**Records for the task**
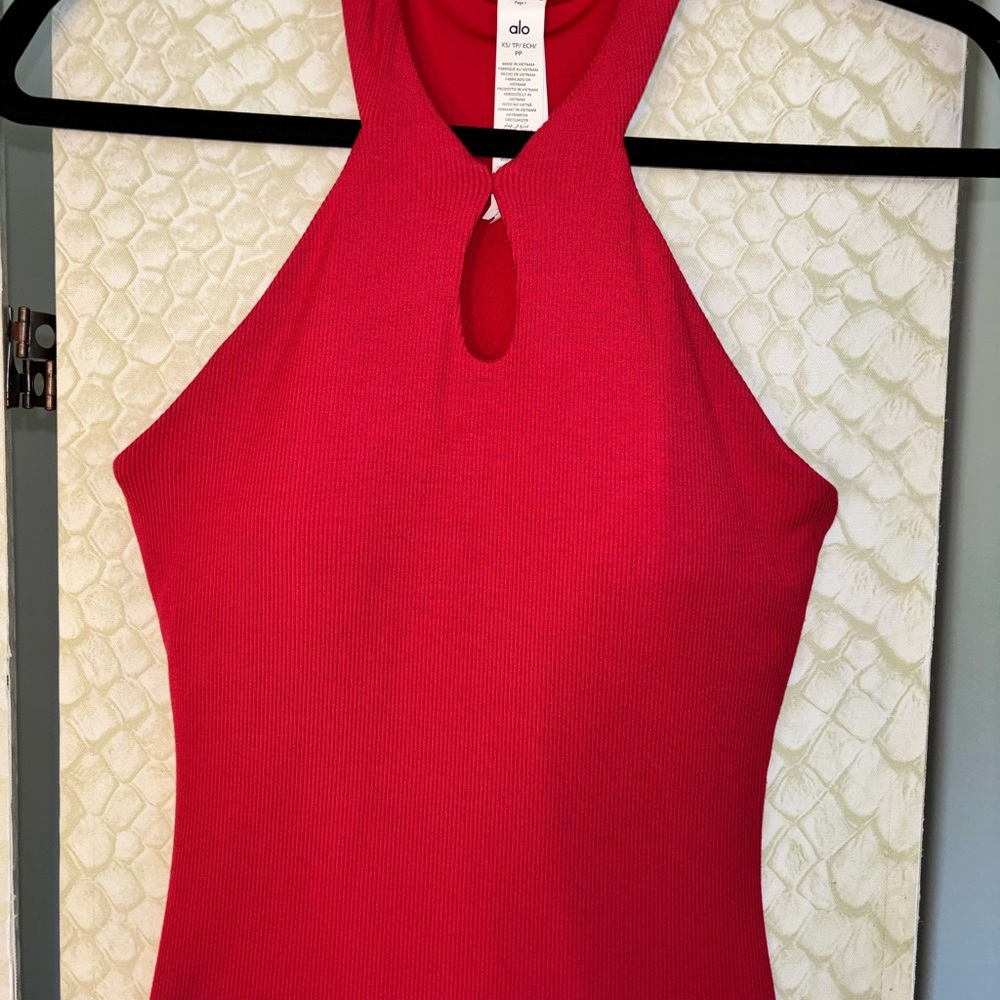 ALO Yoga Red Ribbed Halter Camisole with Keyhole never worn. Perfect condion!!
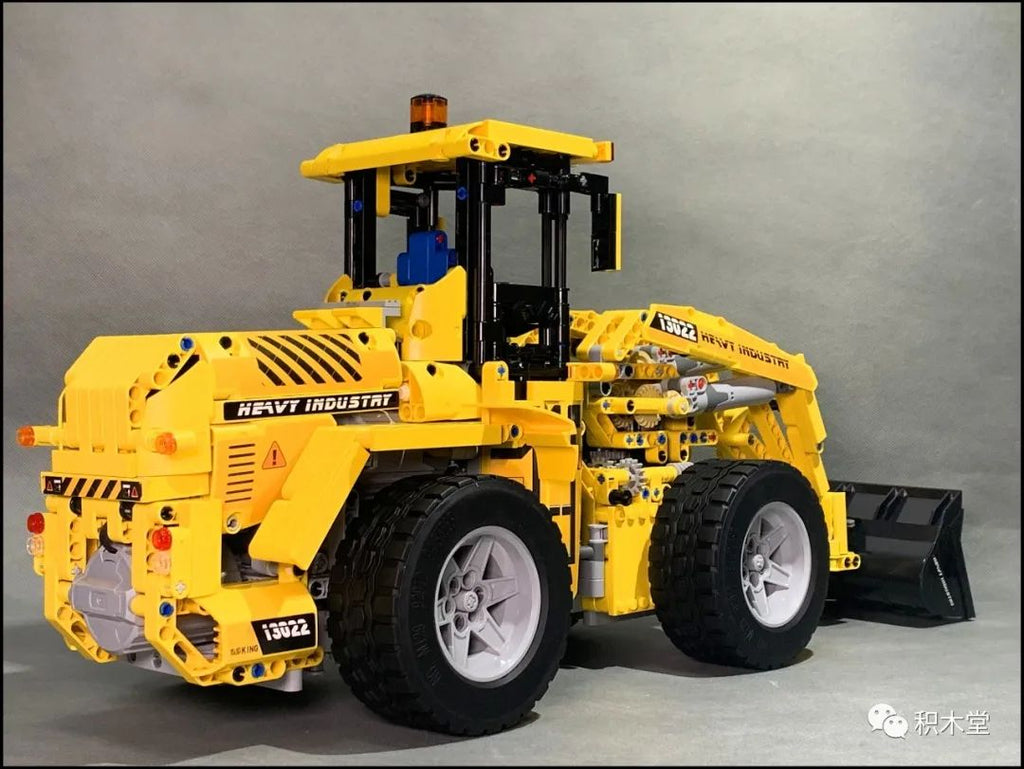 Mould King 13122 Bulldozer
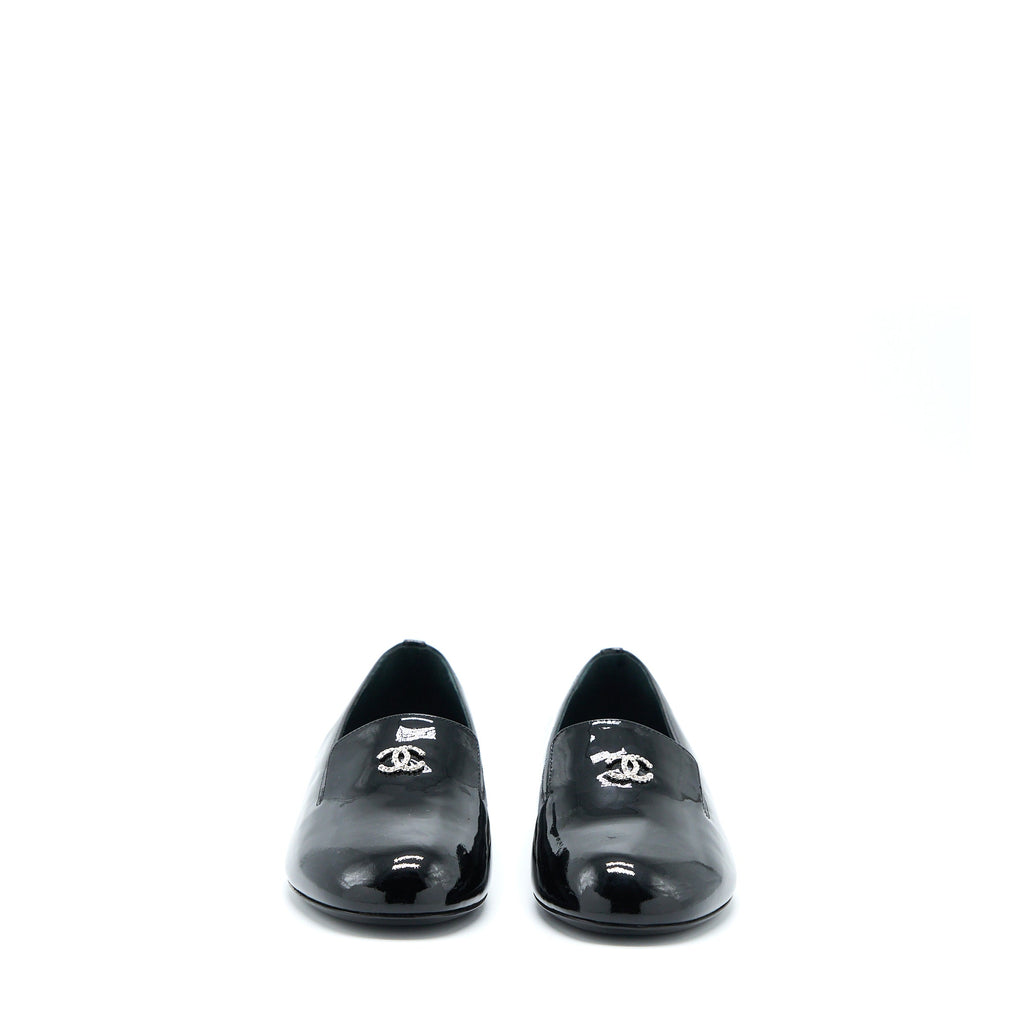 chanel-size-35-5-loafer-with-pearl-patent-black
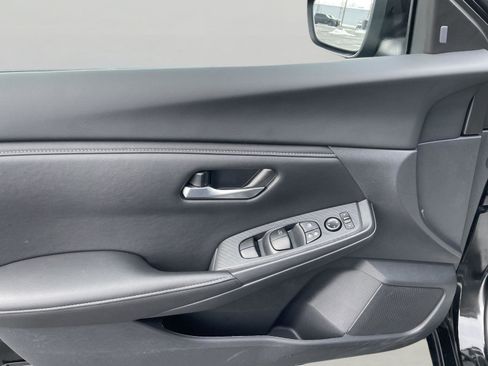 Used 2025 Nissan Sentra SV w/ All-Weather Package image 22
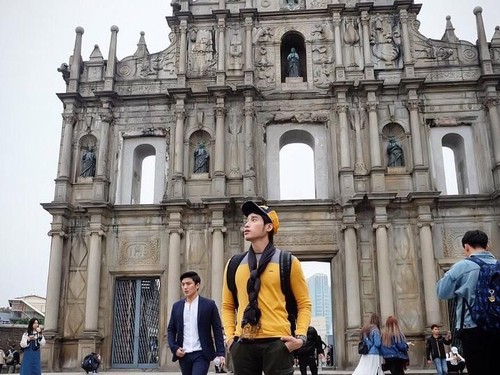 Posting Foto Gaya Hidup Mewah, Pria Tampan Ini Terciduk Pura-Pura Kaya Posting Foto Gaya Hidup Mewah, Pria Tampan Ini Terciduk Pura-Pura Kaya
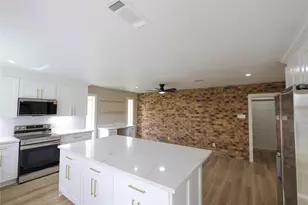 136 Talisman St, Lake Jackson, TX 77566 - Photo 27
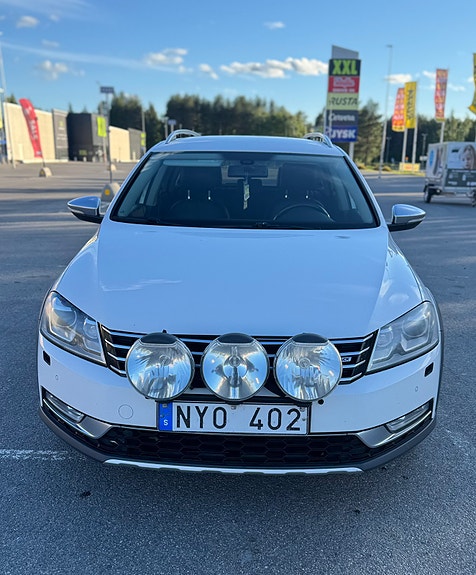 Volkswagen Passat Alltrack 2 of 5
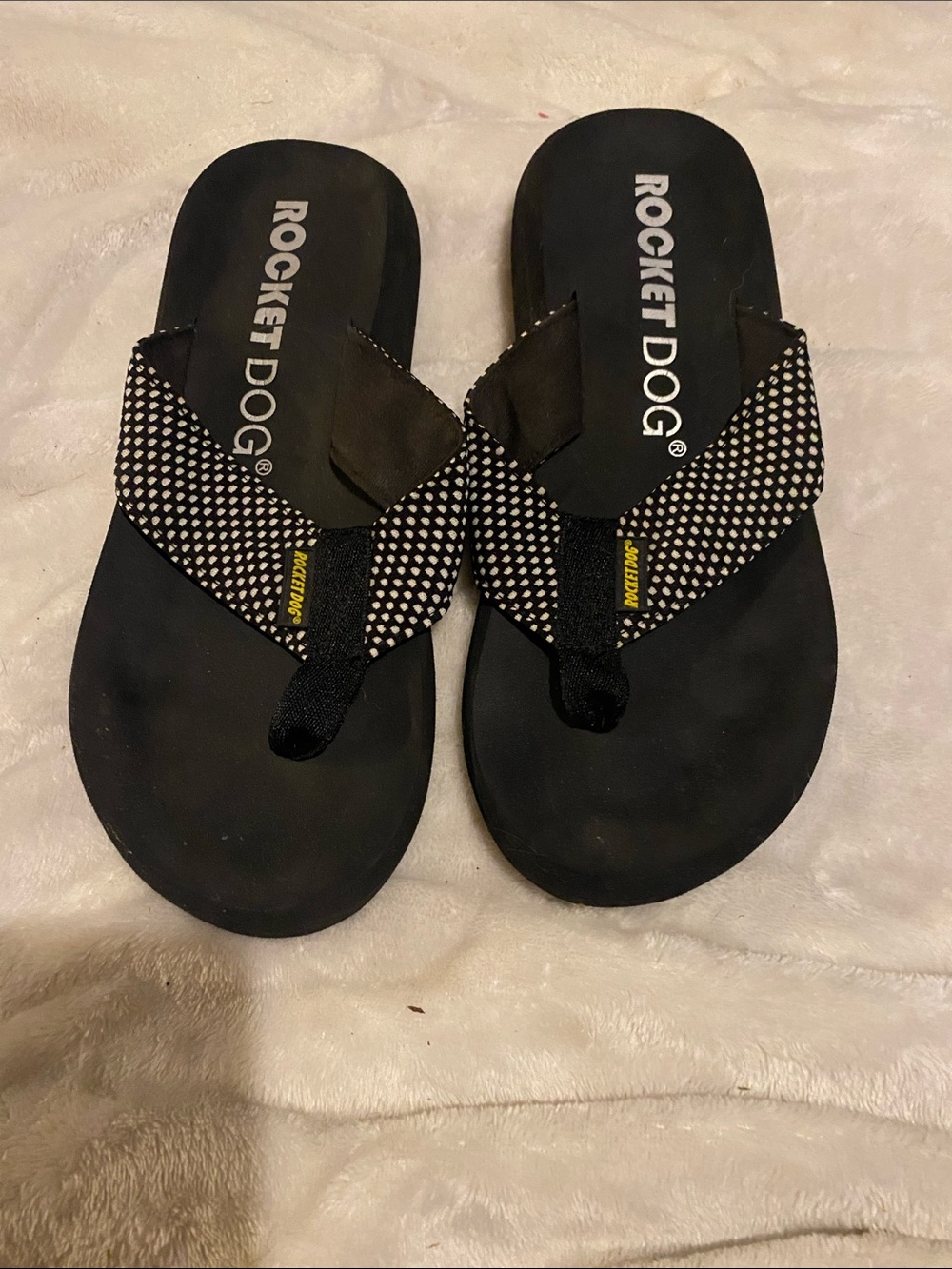 Rocket Dog Spotlight Play Mesh Black White Diamond Flip Flops
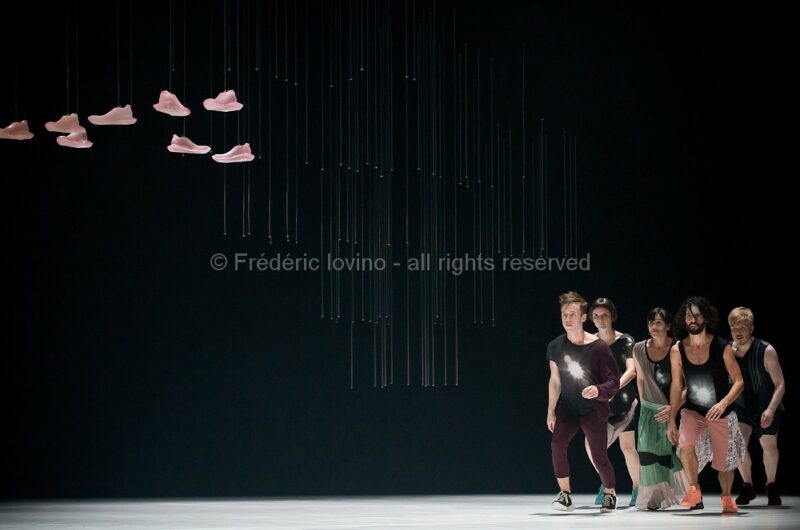 DBDDBB (DANIEL LINEHAN, 2015) - Du 03 au 05 novembre 2015 à l’opéra de Lille - Concept et chorégraphie : Daniel Linehan - Avec: Marcus Baldemar, Anneleen Keppens, Liz Kinoshita, Daniel Linehan, Victor Pérez Armero - Photographie © Frédéric Iovino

**What is being asked**
What is needed is an exact copy of the lines from the one with "Rocket Dog Spotlight" through the end of the data above, both included, minus any pictures.

**The answer**
 Rocket Dog Spotlight Play Mesh Black White Diamond Flip Flops
 DBDDBB (DANIEL LINEHAN, 2015) - Du 03 au 05 novembre 2015 à l’opéra de Lille - Concept et chorégraphie : Daniel Linehan - Avec: Marcus Baldemar, Anneleen Keppens, Liz Kinoshita, Daniel Linehan, Victor Pérez Armero - Photographie © Frédéric Iovino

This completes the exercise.